We called him back and he says, “I want to do an animated music video…do you listen to acid jazz?”
Only Jeff Adachi, the revolutionary freedom fighter who redefined what a “public defender” even means, could ask a question like that, and you still knew, it was going to be pioneering movement work.
Turned out he wanted to tell the history of race in America in a way that spoke to today’s media landscape. He had archived photos, art pieces, and small video clips of riots, racist signs, images of everyday people fighting for their rights, dating back a hundred years. He wanted to make a short video that would scroll through the clips — like a flip book looking at snapshots of how race played out in different periods in American history. He said he didn’t want to just focus on the famous icons, he wanted to lift up leaders in black and brown communities who were unknown, yet pivotal actors, in the ongoing fight for liberation in America. His instinct, to honor the lives of those typically occupying no space in the public imagination, was consistent with what he did everyday, in every other aspect of his life.
He said he had bought the rights to a song he heard in New York that he wanted played in the backdrop of the video. Now, Jeff Adachi could have done this project with Hollywood producers — he had that kind of pull. But he called us, and wanted to work with young videographers who he knew came from the struggle. And that’s exactly what he did. Over the next few months, Ookie and Andrew would roll up from De-Bug to San Francisco, and they would work with Jeff on his project he called, “Racial Facial.” As all things Jeff did, it was brilliant, unique, and advanced the consciousness in a way only his artistry could. The next thing we knew, we got a packaged DVD box of Racial Facial - it was winning film festival awards across the globe, and inciting a raw discussion and examination into race in America, just as he planned.

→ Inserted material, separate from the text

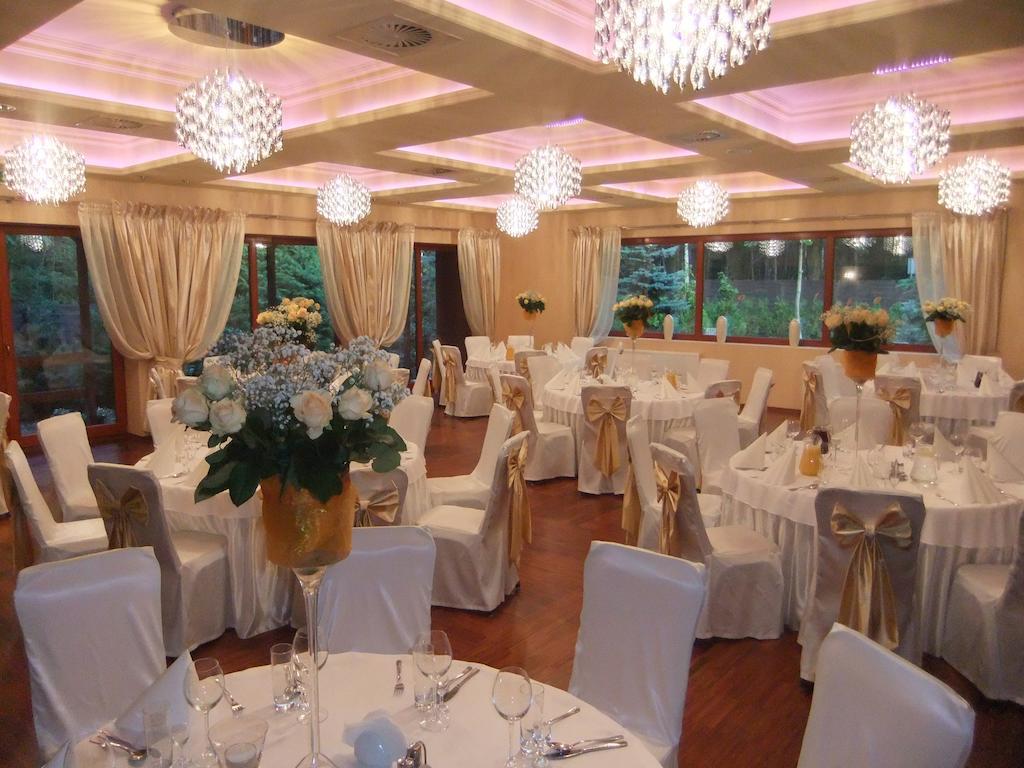 Agat Hotel Lodz  Exterior photo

Now, if we said that a public defender made an animated music video spanning decades of racial injustice set to an acid jazz song — people would know off top, that had to be Jeff Adachi. In fact, he is the only person people would guess, he was the only one that had his range. Mind you, he didn’t take any time off to do this project — he was still taking the most serious trials, working on ground-breaking policies locally and nationally, and working on other films and art initiatives.
This project though was just representative of what Jeff Adachi meant to us. He had his own current, and always invited others, to jump into the waters with him. And we all knew he was always flowing into a place of true, uncompromising, justice. He brought community into spaces that usually were only regulated for attorneys, and asked us to re-imagine the possibilities of justice, and to never assume unjust practices and norms as immutable.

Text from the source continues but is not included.